* WORK ORDER *
Transcribe only what runs from the line containing "Backpack - SKINARMA" through the end of the listing, line for line and exactly, and omit the pictures.
== PROVIDED MATERIAL ==
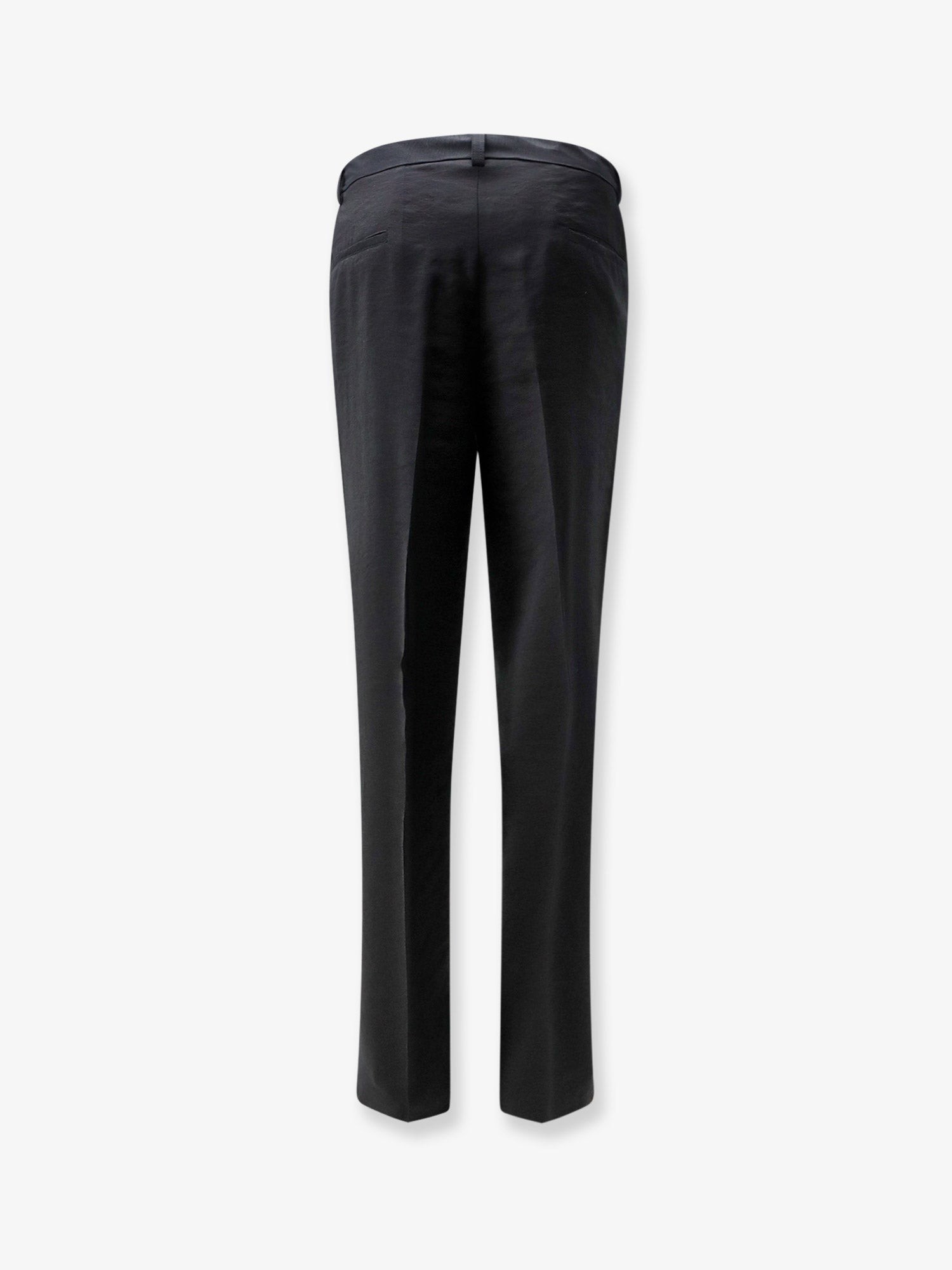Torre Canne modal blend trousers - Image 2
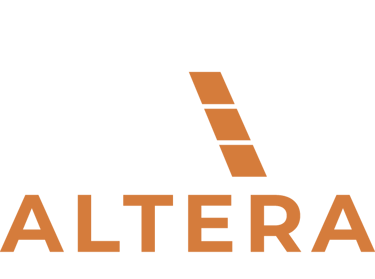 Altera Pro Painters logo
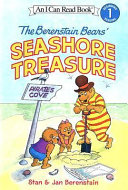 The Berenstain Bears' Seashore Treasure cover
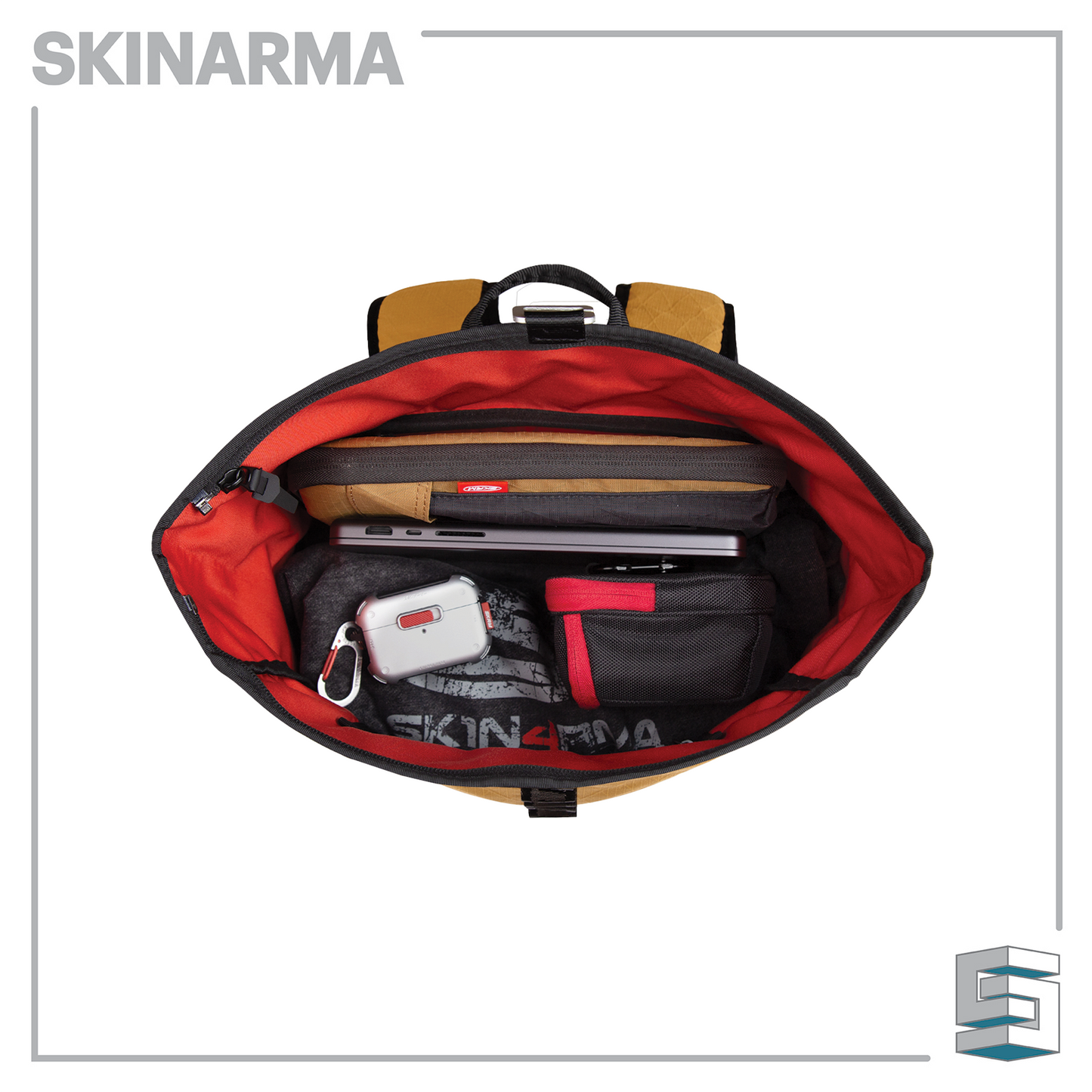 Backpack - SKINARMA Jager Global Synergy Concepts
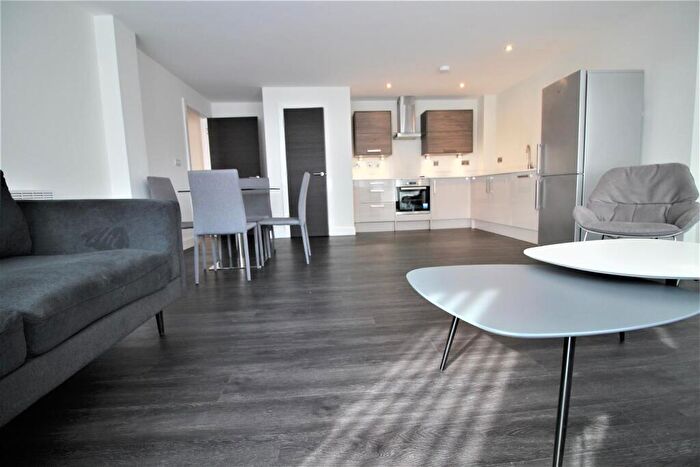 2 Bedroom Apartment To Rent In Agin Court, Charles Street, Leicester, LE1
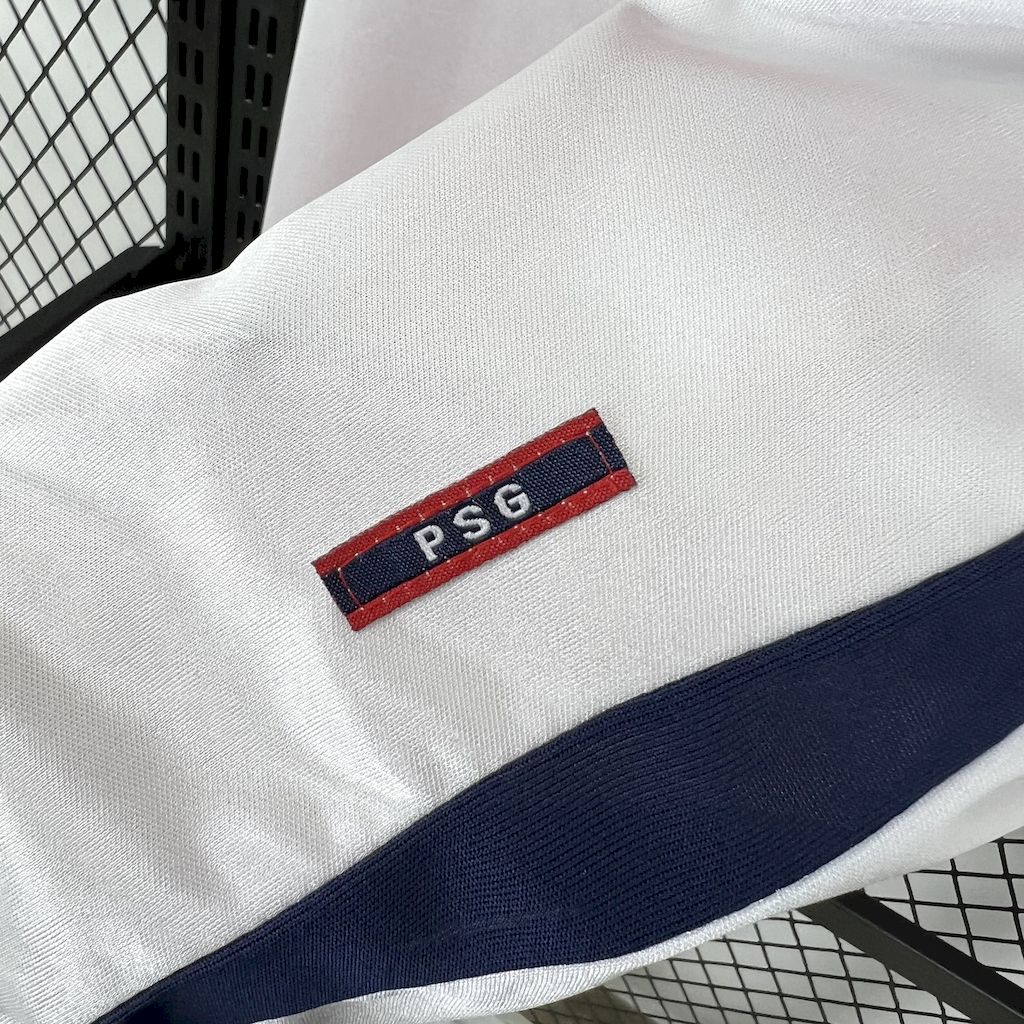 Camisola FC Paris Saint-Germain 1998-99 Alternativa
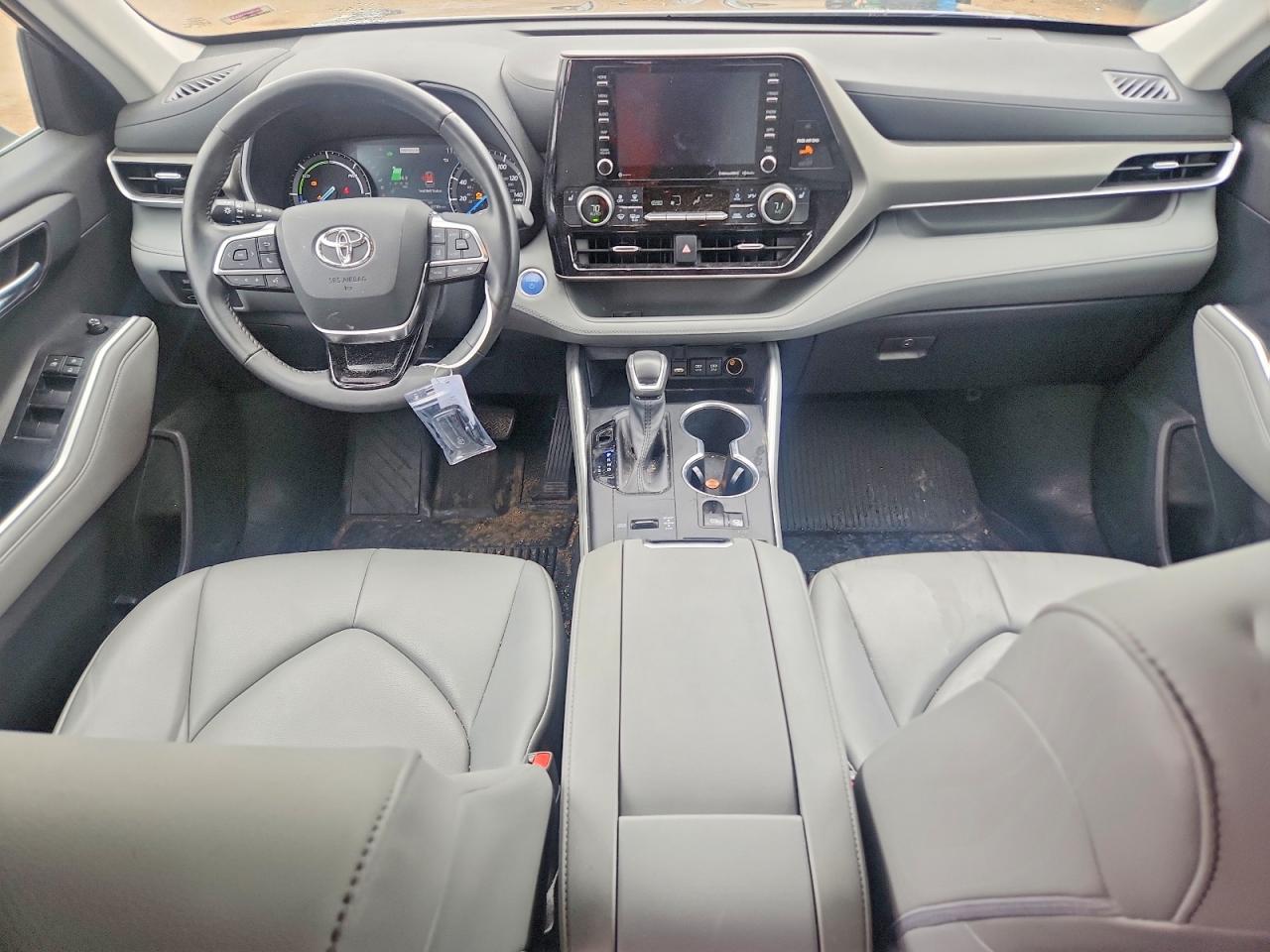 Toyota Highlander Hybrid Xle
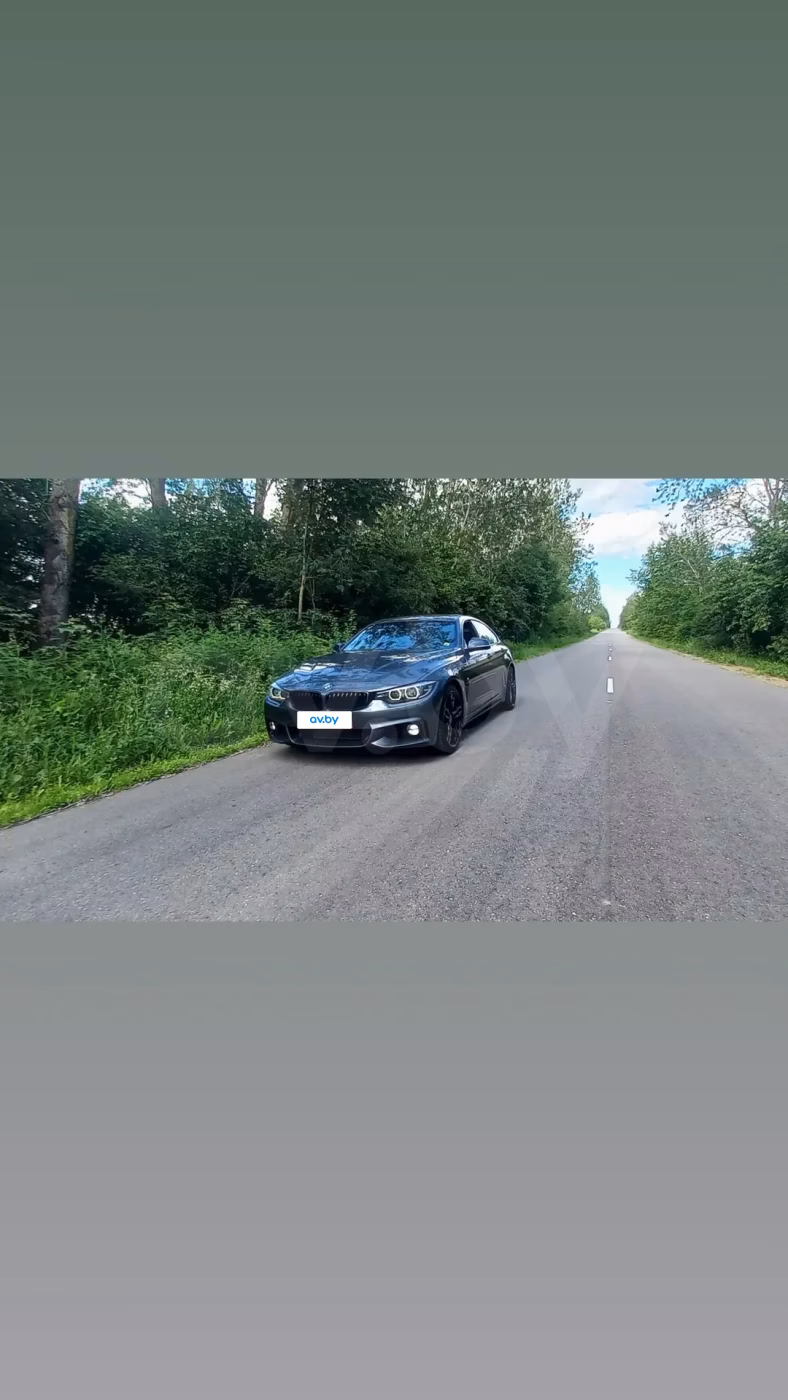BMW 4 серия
===
* EXERCISE SOLUTION *
 Backpack - SKINARMA Jager Global Synergy Concepts
 2 Bedroom Apartment To Rent In Agin Court, Charles Street, Leicester, LE1
 Camisola FC Paris Saint-Germain 1998-99 Alternativa
 Toyota Highlander Hybrid Xle
BMW 4 серия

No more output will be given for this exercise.